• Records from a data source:
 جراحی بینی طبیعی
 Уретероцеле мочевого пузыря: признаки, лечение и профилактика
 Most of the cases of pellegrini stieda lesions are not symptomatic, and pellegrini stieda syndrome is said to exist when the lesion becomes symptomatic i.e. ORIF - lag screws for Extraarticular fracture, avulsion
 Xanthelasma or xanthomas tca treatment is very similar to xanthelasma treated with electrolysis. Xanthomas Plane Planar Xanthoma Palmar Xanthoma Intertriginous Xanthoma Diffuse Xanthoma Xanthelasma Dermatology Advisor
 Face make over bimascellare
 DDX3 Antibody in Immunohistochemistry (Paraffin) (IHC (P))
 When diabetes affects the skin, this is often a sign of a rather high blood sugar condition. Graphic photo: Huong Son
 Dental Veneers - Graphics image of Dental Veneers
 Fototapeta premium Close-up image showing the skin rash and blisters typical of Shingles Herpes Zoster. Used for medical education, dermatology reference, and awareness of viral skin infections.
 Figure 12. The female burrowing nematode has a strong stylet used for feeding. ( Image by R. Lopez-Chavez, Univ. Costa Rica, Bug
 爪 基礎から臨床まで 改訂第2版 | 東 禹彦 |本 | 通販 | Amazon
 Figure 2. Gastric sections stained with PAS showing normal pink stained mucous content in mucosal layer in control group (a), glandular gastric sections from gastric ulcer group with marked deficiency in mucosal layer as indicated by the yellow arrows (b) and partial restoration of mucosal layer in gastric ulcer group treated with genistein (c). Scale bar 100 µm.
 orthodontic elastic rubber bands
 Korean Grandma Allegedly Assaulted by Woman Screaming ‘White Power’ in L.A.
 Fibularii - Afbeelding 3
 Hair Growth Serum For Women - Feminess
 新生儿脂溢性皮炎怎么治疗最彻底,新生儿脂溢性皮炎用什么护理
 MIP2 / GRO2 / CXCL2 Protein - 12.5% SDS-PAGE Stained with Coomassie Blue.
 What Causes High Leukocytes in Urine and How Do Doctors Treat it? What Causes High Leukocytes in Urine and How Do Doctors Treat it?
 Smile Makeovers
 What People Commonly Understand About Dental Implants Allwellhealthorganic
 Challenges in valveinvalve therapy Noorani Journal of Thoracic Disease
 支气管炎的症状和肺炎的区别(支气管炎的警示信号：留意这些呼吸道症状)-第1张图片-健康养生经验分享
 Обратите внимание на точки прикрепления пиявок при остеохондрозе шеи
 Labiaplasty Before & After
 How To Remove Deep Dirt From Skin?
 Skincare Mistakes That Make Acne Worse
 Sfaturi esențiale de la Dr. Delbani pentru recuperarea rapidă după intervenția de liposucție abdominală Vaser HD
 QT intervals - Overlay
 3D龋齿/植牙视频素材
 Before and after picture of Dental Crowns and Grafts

• What you have to do:
In the data above, find the line that contains "Korean Grandma Allegedly" and the line that contains "Treat it? What". Repeat exactly those lines and every line between them, and only those.

• Output of the exercise:
 Korean Grandma Allegedly Assaulted by Woman Screaming ‘White Power’ in L.A.
 Fibularii - Afbeelding 3
 Hair Growth Serum For Women - Feminess
 新生儿脂溢性皮炎怎么治疗最彻底,新生儿脂溢性皮炎用什么护理
 MIP2 / GRO2 / CXCL2 Protein - 12.5% SDS-PAGE Stained with Coomassie Blue.
 What Causes High Leukocytes in Urine and How Do Doctors Treat it? What Causes High Leukocytes in Urine and How Do Doctors Treat it?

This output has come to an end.